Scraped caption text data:
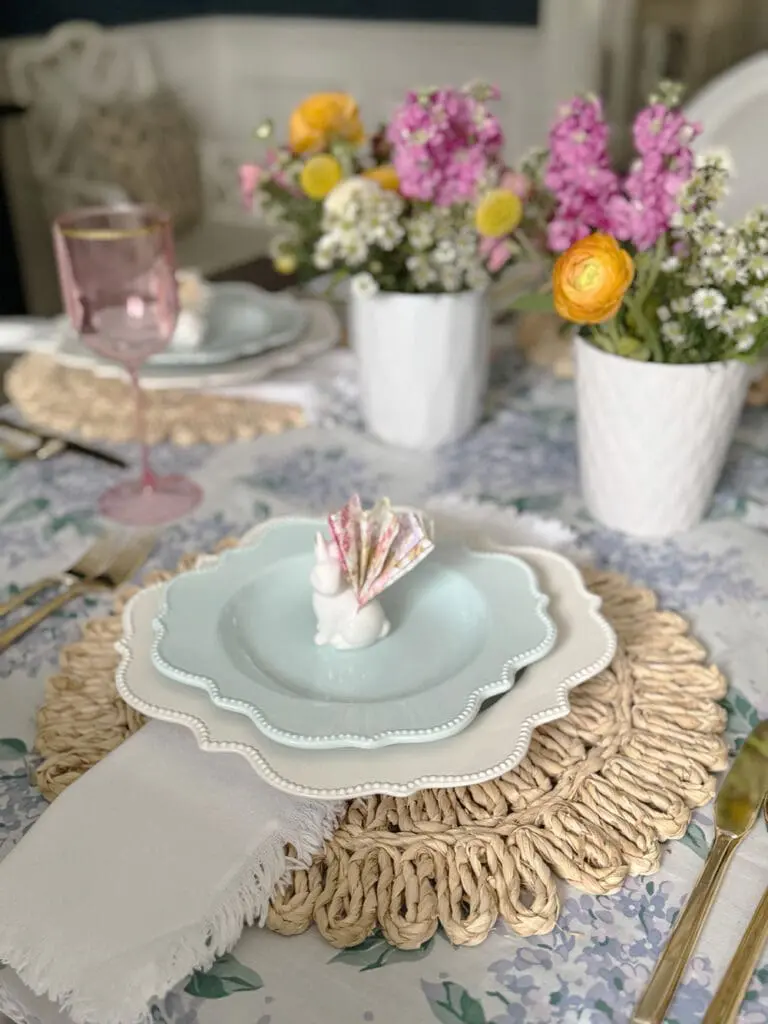 A table is set with layered white and blue plates, a white napkin, a pink goblet, and a small bunny figurine holding a folded paper on a woven placemat, with flowers in vases.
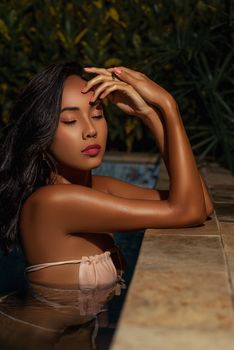 A serene moment of a woman with closed eyes enjoying a poolside setting under warm lighting.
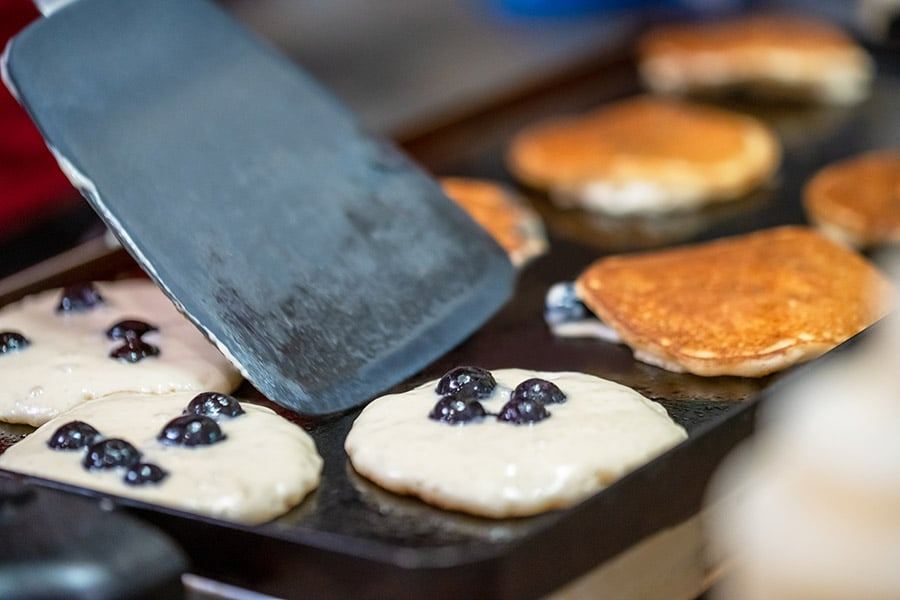 Blueberry pancakes cooking on the griddle at Bent Creek Lodge
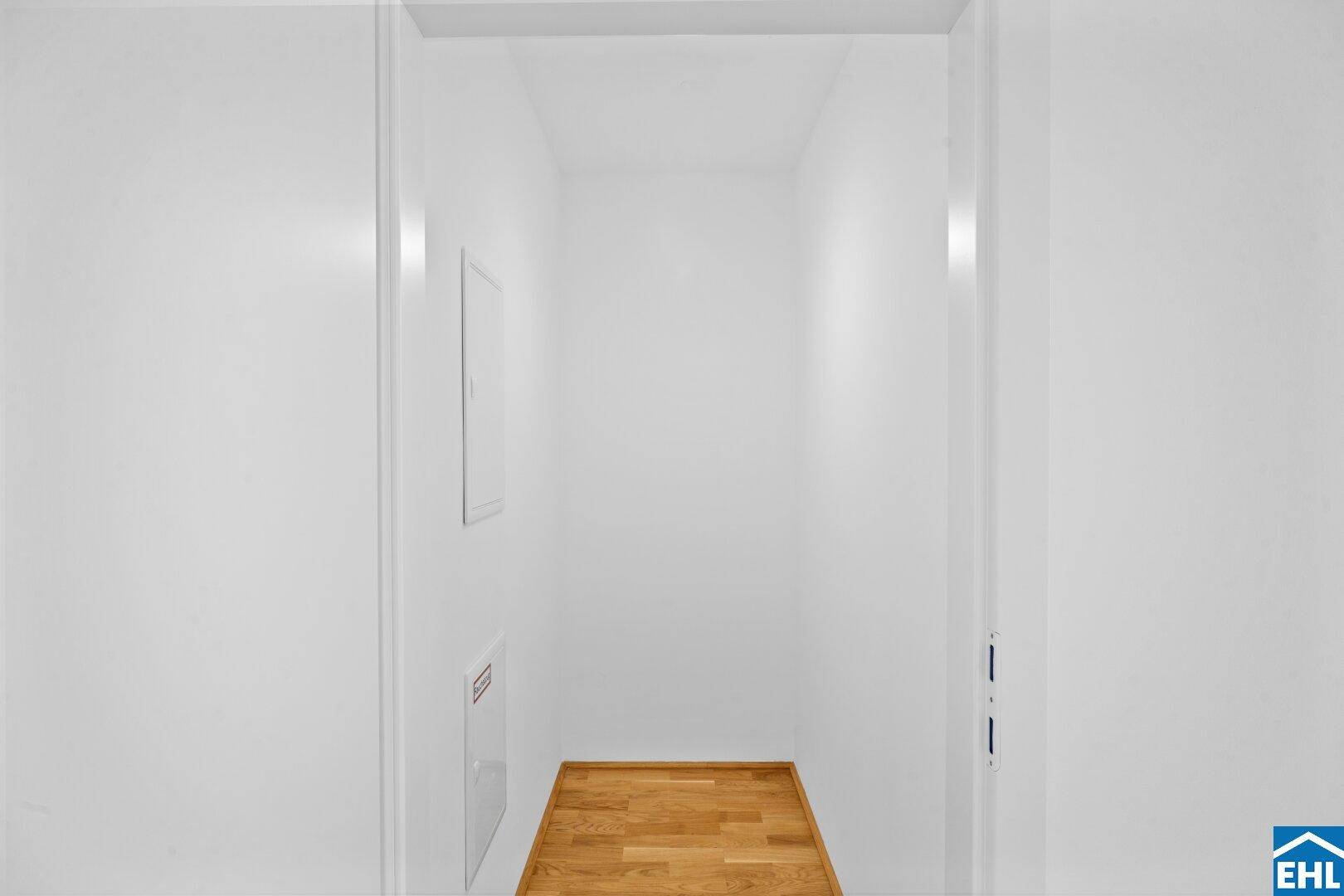 Kleiner Abstellraum mit Holzboden und weißen Wänden, ideal für Lagerung.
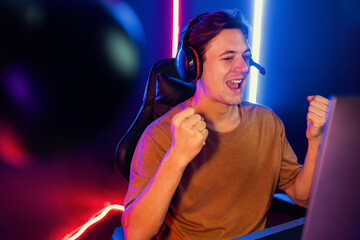 Host channel of gaming smart streamer playing online game to be winner, wearing headphone with...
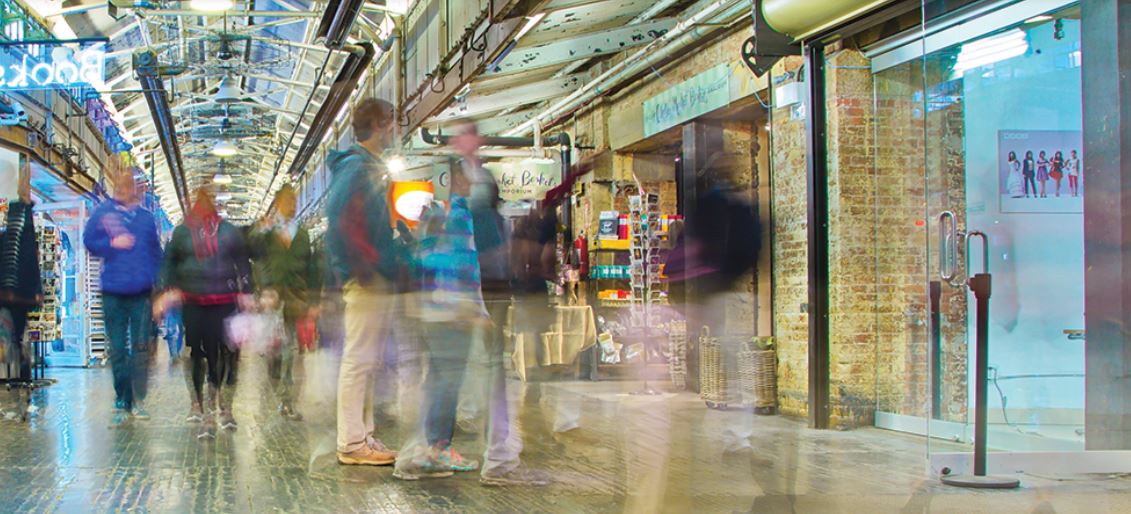Busy indoor shopping arcade with blurred pedestrians, retail corridor scene showing customer foot traffic and storefronts
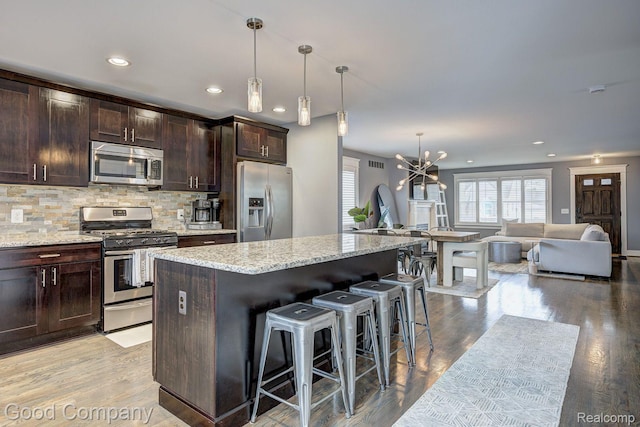 995 Cambridge Rd, Berkley, MI 48072 - kitchen featuring appliances with stainless steel finishes, a breakfast bar area, open floor plan, a center island, and a chandelier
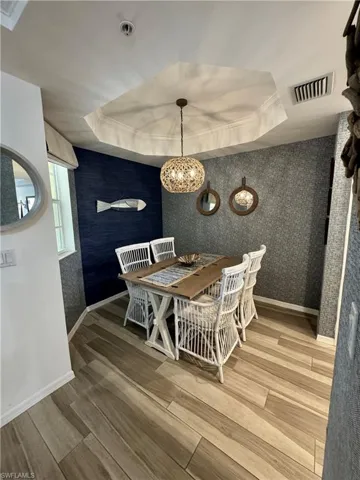 Dining room featuring wallpapered walls, wood finished floors, a tray ceiling, and visible vents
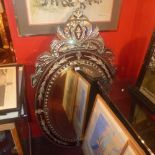 A Venetian style looking glass in a leafy frame with etched detail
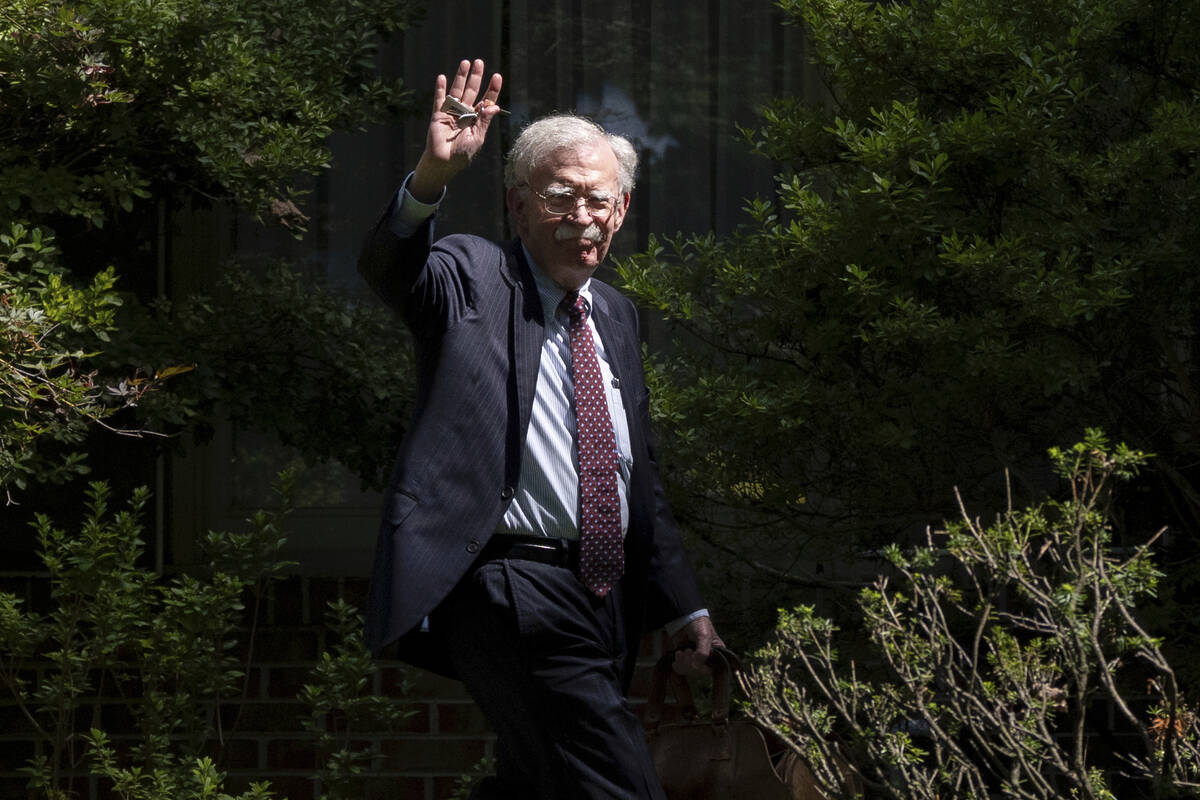 FILE - Former national security adviser John Bolton waves as he arrives at his house Aug. 22, 2 ...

● **Requirement**:
Go through the entries above and write them out again exactly, images left behind.

● **Result for this task**:
 A table is set with layered white and blue plates, a white napkin, a pink goblet, and a small bunny figurine holding a folded paper on a woven placemat, with flowers in vases.
 A serene moment of a woman with closed eyes enjoying a poolside setting under warm lighting.
 Blueberry pancakes cooking on the griddle at Bent Creek Lodge
 Kleiner Abstellraum mit Holzboden und weißen Wänden, ideal für Lagerung.
 Host channel of gaming smart streamer playing online game to be winner, wearing headphone with...
Busy indoor shopping arcade with blurred pedestrians, retail corridor scene showing customer foot traffic and storefronts
 995 Cambridge Rd, Berkley, MI 48072 - kitchen featuring appliances with stainless steel finishes, a breakfast bar area, open floor plan, a center island, and a chandelier
 Dining room featuring wallpapered walls, wood finished floors, a tray ceiling, and visible vents
 A Venetian style looking glass in a leafy frame with etched detail
 FILE - Former national security adviser John Bolton waves as he arrives at his house Aug. 22, 2 ...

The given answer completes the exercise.